When it became light enough to see good, we would ride out, rope in hand, to meet them and apt as not one of the old-timers, may be a fifteen or twenty-year old steer, which were continuously on the lookout, would spy us before we got twenty yards from the timber. Then the fun would begin—the whole bunch, may be a thousand head, would stampede and come right towards us. They never were known to run in the opposite direction from the nearest point of timber. But with cattle raised on the prairies, it's the reverse, they will always leave the timber.
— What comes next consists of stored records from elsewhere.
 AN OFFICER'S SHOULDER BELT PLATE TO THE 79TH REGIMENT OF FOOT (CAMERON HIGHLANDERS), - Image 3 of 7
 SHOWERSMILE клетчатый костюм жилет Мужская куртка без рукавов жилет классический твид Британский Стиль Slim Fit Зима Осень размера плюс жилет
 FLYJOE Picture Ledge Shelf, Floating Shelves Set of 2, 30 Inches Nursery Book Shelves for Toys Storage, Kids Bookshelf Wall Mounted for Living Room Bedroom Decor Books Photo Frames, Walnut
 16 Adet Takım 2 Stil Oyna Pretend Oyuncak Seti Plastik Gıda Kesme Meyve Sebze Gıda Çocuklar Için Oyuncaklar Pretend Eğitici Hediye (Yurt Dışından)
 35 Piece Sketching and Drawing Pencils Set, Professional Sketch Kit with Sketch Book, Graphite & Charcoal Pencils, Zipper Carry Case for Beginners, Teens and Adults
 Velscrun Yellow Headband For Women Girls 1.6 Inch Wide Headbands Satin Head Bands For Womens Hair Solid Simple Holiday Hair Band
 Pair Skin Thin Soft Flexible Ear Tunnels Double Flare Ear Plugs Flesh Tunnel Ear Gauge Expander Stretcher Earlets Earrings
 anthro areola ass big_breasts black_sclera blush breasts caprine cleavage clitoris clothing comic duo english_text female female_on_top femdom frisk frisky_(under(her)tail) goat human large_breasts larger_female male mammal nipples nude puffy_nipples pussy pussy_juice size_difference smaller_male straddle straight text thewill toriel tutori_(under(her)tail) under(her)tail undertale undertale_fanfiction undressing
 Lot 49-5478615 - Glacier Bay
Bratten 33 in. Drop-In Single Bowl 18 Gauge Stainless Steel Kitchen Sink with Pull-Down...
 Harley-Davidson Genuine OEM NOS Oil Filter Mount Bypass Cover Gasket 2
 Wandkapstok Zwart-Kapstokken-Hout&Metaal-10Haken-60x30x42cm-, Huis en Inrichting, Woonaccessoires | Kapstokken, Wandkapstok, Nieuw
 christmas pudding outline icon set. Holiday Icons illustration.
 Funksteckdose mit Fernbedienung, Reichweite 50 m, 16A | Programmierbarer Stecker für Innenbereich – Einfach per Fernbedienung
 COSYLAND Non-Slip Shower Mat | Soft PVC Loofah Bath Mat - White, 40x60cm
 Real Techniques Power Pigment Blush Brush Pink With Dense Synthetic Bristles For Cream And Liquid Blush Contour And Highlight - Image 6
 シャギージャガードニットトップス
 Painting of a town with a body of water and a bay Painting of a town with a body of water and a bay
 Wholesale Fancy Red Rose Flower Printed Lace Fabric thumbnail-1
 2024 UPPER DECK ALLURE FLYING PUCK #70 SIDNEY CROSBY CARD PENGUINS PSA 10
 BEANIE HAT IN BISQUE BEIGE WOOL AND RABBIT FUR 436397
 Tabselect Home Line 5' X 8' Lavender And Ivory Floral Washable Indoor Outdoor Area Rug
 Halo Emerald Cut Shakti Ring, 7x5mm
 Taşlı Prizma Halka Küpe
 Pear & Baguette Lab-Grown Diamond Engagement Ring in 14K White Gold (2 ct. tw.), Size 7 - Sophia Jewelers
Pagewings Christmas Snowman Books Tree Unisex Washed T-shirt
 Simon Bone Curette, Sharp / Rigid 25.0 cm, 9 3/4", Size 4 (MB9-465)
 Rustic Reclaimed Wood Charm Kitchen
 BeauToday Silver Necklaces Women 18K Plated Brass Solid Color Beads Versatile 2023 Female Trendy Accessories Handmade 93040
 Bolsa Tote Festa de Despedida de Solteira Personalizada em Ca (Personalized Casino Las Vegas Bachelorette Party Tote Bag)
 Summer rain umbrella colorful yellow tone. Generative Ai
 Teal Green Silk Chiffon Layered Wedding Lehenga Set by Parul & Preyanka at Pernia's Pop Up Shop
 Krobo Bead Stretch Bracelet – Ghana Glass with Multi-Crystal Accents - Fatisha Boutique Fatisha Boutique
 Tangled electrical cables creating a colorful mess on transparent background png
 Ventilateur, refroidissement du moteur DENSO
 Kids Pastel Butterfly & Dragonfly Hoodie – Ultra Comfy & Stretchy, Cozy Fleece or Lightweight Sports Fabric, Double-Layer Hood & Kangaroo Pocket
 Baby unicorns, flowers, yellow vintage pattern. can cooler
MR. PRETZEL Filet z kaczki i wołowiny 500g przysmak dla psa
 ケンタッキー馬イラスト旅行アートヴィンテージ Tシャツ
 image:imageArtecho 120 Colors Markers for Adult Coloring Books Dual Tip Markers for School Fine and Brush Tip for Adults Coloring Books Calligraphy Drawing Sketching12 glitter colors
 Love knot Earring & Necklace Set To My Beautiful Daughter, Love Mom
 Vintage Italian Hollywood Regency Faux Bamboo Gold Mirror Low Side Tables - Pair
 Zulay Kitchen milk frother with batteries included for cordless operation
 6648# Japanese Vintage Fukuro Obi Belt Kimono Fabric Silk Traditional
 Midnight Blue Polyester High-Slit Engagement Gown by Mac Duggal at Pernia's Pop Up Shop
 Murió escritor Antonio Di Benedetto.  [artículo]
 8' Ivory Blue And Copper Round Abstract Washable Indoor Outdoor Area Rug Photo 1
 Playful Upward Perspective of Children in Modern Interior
After coming in contact, every man would rope and tie down one of the finest animals in the bunch. Once in awhile some fellow would get more beef than he could manage; under those circumstances he would have to worry along until some other fellow got through with his job and came to his rescue.
If there was another prairie close by we would go to it and tie down a few more, but we would have to get there before sunup or they would all be in the brush. It was their habit to graze out into the little prairies at night-fall and go back to the brush by sunrise next morning.
Finally the herd which we had gathered before and which was already "broke in," would arrive from camp, where we had been night-herding them and then we would drive it around to each one of the tied-down animals, letting him up so he couldn't help from running right into the herd, where he would generally stay contented. Once in awhile though, we would strike an old steer that couldn't be made to stay in the herd. Just as soon as he was untied and let up he would go right through the herd and strike for the brush, fighting his way. Under those circumstances we would have to sew up their eyes with a needle and thread. That would bring them to their milk, as they couldn't see the timber.
I got into several scrapes on this trip, by being a new hand at the business. One time I was going at full speed and threw my rope onto a steer just as he got to the edge of the timber; I couldn't stop my horse in time, therefore the steer went on one side of a tree and my horse on the other and the consequence was, my rope being tied hard and fast to the saddle-horn, we all landed up against the tree in a heap.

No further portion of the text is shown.